Sadly not many want to keep big male featherfins as show fish. I dunno why other than they are demanding and need a lot of tank room. Looks wise, knockout of caurse.

All the best James


----------



## JMENDY (Nov 28, 2012)

Thanks for your help, i was considering separating them, but i have to set up another tank before i can do that. Your right, it would be better for any females in the lot to be as big as possible before being enticed into breeding.

Its a shame about their temperament, as they are such gorgeous fish, i would love to keep more then 2.

Thanks again


----------



## S4surf (Oct 18, 2006)

I've always used the fin length method and had pretty good success. But that size is tough.

What size tank are you using and why do you only want 2 males? I have had females dig pits when they were left alone without a male so be careful what you move out. I agree with james on the sale of those males, unless you find someoen who needs one to fill a group out. I would just keep them all 

Steve


----------



## noddy (Nov 20, 2006)

First thing you will notice is an elongated anal fin in the males. P.S, the best piece of advice I have ever been given in regards to these fish (not that I took it, and learn't the hard way), was, "no more than two males in a six foot tank". You may get away with it for a while, but it's good advice.


----------



## JMENDY (Nov 28, 2012)

They are currently in a 4 foot tank, as until recently i had 'the grow out tank' for my partner in my place who was trying to get me into cichlids and cichlid breeding, and now *** found some tang cichlids that i love. Im looking into getting a 6 foot set up in the coming weeks.

What i have heard often is as said, that they need a lot of room, they dont like sharing, and too many males may result in none showing colours unless breeding, so that is why i only want to keep 2.


----------



## 24Tropheus (Jun 21, 2006)

My guess is you need to go for the crowded method of breeding em in just a 48" tank.
If you alow em to set up full territories long term you only have room for one male if that.

Very odd fish big featherfins. You give em room they take it up to territory space per male of 48" x48" bottom space or more. Keep em crowded and you can even breed big ones in 24"x24"x24" bare tank but see no natural behavior or full colours.

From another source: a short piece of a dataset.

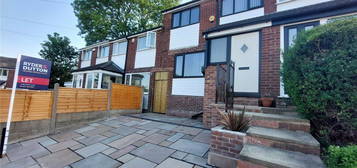 Town house to rent in Princess Close, Mossley, Ashton-Under-Lyne, Greater Manchester OL5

I would just keep em all and see how it goes. (sub dom males being something you just have to put up with to keep em crowded.

No promices, you kind of want a swimming pool size tank for that.

All the best James


----------



## 24Tropheus (Jun 21, 2006)

Sorry for the double post but forum says I was too slow with my edits. :-?

My guess is you need to go for the crowded method of breeding em in just a 48" tank or even a 72" tank.
If you alow em to set up full territories they just grab more and more room.
Happier but more aggressive.

Very odd fish big featherfins. You give em room they take it up to territory space per male of 48" x48" bottom space or more. Keep em crowded and you can even breed big ones in 24"x24"x24" bare tank but see no natural behavior or full colours.

I would keep em all and see how it goes. (sub dom males being something you just have to put up with to keep em crowded.)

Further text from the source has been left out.